Wastewater treatment plants remove excess nutrients and pollutants that would otherwise harm aquatic life. A side benefit is that the nitrogen and phosphorus in sewage is recycled and used as fertilizer on some U.S. agricultural land. But biosolids also contain chemicals, such as carcinogenic dioxins, that don't break down during treatment. In 2001, EPA conducted a survey of wastewater treatment plants and concluded the concentrations of dioxins were too low to pose a health threat. Five years later, prompted in part by public concerns over drugs in the environment, the agency started testing for a much broader range of biosolid contaminants, including 97 pharmaceuticals and related compounds.

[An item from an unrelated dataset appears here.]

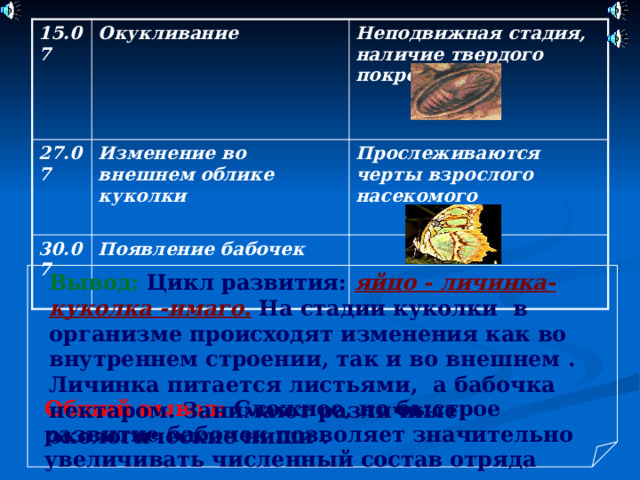 15.07  Окукливание 27.07  Изменение во внешнем облике куколки 30.07 Неподвижная стадия, наличие твердого покрова  Появление бабочек   Прослеживаются черты взрослого насекомого   Вывод: Цикл развития: яйцо - личинка-куколка -имаго. На стадии куколки в организме происходят изменения как во внутреннем строении, так и во внешнем . Личинка питается листьями, а бабочка нектаром. Занимают различные экологические ниши . Общий вывод: Сложное, но быстрое развитие бабочек позволяет значительно увеличивать численный состав отряда 
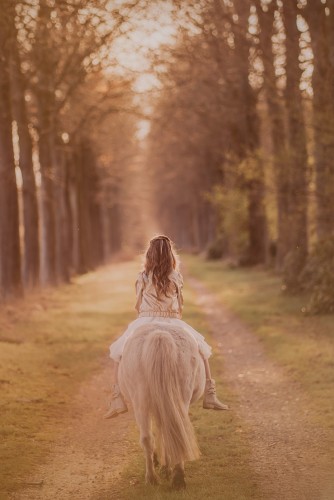Fotoshoots met pony's, unicorn Antwerpen, Kempen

Many of the 145 chemicals tested for were present nationwide. Biosolids from all of the 74 large treatment plants surveyed contained the same 27 metals, but only zinc, molybdenum, and nickel exceeded standards for application to fields. Almost all of the 11 flame retardants on the list were present in every sample. Twelve of the 72 pharmaceuticals were similarly ubiquitous.
Two of the most common drugs were the antibiotics triclocarban and ciprofloxacin. Although the average concentrations were similar to those in previous small-scale studies, several samples harbored up to 440 parts per million of triclocarban, which is added to antimicrobial soap and other personal care products. That's almost 10 times higher than ever reported in biosolids and "astonishingly high," Halden says. One question is whether the antibiotics harm soil microbes, or aquatic life if enough leaches into streams, Halden says. "We really don't have the answer."
An EPA official, who has not received permission to speak about the results, agrees that the concentrations of triclocarban "intuitively look high" but says the agency can't yet say whether they or any other of the detected chemicals pose a risk to vulnerable humans or wildlife. "It's not appropriate at this point to speculate on significance of the results," he says. In the next year, EPA expects to complete risk assessments on 10 chemicals in the survey.